L'histoire :
Jeanne est venue au monde un soir enneigé d’hiver, au tournant du siècle dernier. Ses parents, Baptiste et Constance, habitent une bicoque derrière les fortifications de la ville de Paris. Cette banlieue immédiate de la capitale est surnommée la « Zone » en référence à sa vocation militaire originelle. La Zone n’a pas bonne réputation. Un repère d’apaches, vagabonds, bohémiens, voleurs et autres mauvais gens, raconte-t-on. D’ailleurs, le soir de sa naissance, la sage femme refuse d’abord de s’y rendre avant de s’y résoudre – devant l’insistance répétée d’un voisin – pour qu’à son arrivée Jeanne soit déjà là ! Au fil des ans, Jeanne a bien sûr grandi. Elle mène la vie simple des jeunes filles de sa condition. Elle y met cependant une application qui est toute sienne. Se tenir toujours bien droite, bien habillée, polie. Les jours où elle n’a pas école, Jeanne aime les passer avec son ami Luigi, un italien à la retraite marqué au visage à la suite d’un accident à l’usine. Luigi est aimé des enfants de la Zone. C’est un artiste. Il sait leur construire de petits soldats à partir de boîtes de sardines, tailler des lits de poupées dans des caisses à citron, etc. Jeanne aime aussi passer chez Rosalie, la blanchisseuse. Elle en revient chaque fois le nez contenté d’odeurs merveilleuses et la bouche pleine d’un bonbon de sucre cuit ! Jeanne aime enfin apprendre. Elle aime l’école, ses livres qui emplissent la bibliothèque. L’année du certificat d’études, son oncle Edouard lui a offert un dictionnaire d’une valeur de 45 francs ! Jeanne en a été toute époustouflée. Mais Jeanne parviendra-t-telle à décrocher son certificat d’étude ?...
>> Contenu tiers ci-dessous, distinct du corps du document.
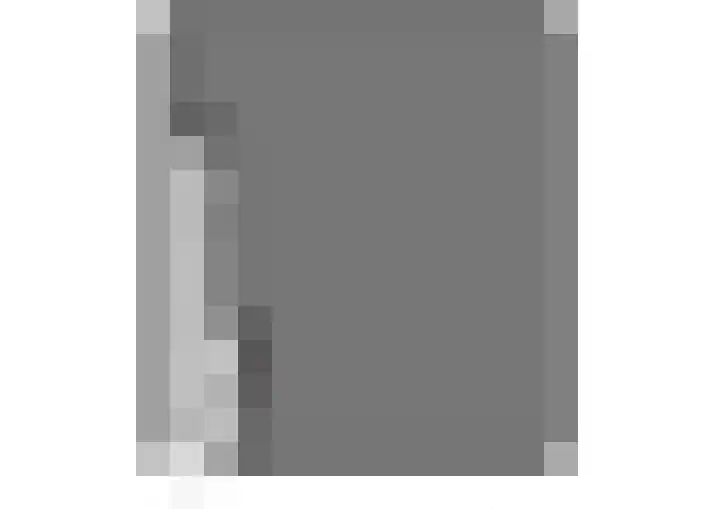 Meenthof 27 Kortenhoef thumbnail 22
Ce qu'on en pense sur la planète BD :
Eliminons d’entrée un (possible) malentendu. Jeanne de la Zone n’est pas une bande dessinée. Nous sommes ici aux frontières de l’univers du 9ème art mais, parce qu’Etienne Davodeau (lauréat du Grand Prix à Angoulême pour les Mauvaises gens) y signe les illustrations, c’est assez pour que l’œuvre figure au catalogue de votre site d’actualité BD préféré. La collection L’Histoire sensible des éditions de l’Atelier s’est fixée pour but « de donner vie au quotidien des générations passées », des petites gens d’autrefois. Suivant un format bien arrêté, l’album se décline en trois temps : une intrigue racontant le cheminement de Jeanne vers l’âge adulte, un petit lexique dynamique et problématisé et, enfin, un dialogue mettant en scène les descendants de l’héroïne. Si l’ensemble présente un intérêt certain, et notamment certaines des rubriques éclairantes du lexique, la première partie se taille pour sûr la part du lion. Frédérique Jacquet, archiviste de formation et conservateur du patrimoine, livre un récit (très) bien écrit, soucieuse de distraire comme d’instruire. L’exactitude historique se fond dans les détails du quotidien. Ce passé « zonard » de la banlieue parisienne renaît sous sa plume et les pas de Jeanne. Page après page, l’image représentée gagne en clarté aidée en cela des illustrations d’Etienne Davodeau. L’auteur, sensible aux réalités sociales, est ici comme chez lui. Le plaisir est réel. Aujourd’hui augmenté d’un livret pédagogique disponible gratuitement sur Internet, l’album s’adresse à tous les curieux, passionnés, amateurs d’Histoire, nostalgiques, jeunes et moins, habitants qui connaissent ou pas les lieux des lieux du périphérique parisien. Epuisé depuis quelques temps, cette lecture rééditée – portée par la recommandation qu’en a faite le ministère dans le cadre des ABCD de l’égalité – vous en apprendra beaucoup tout en vous distrayant.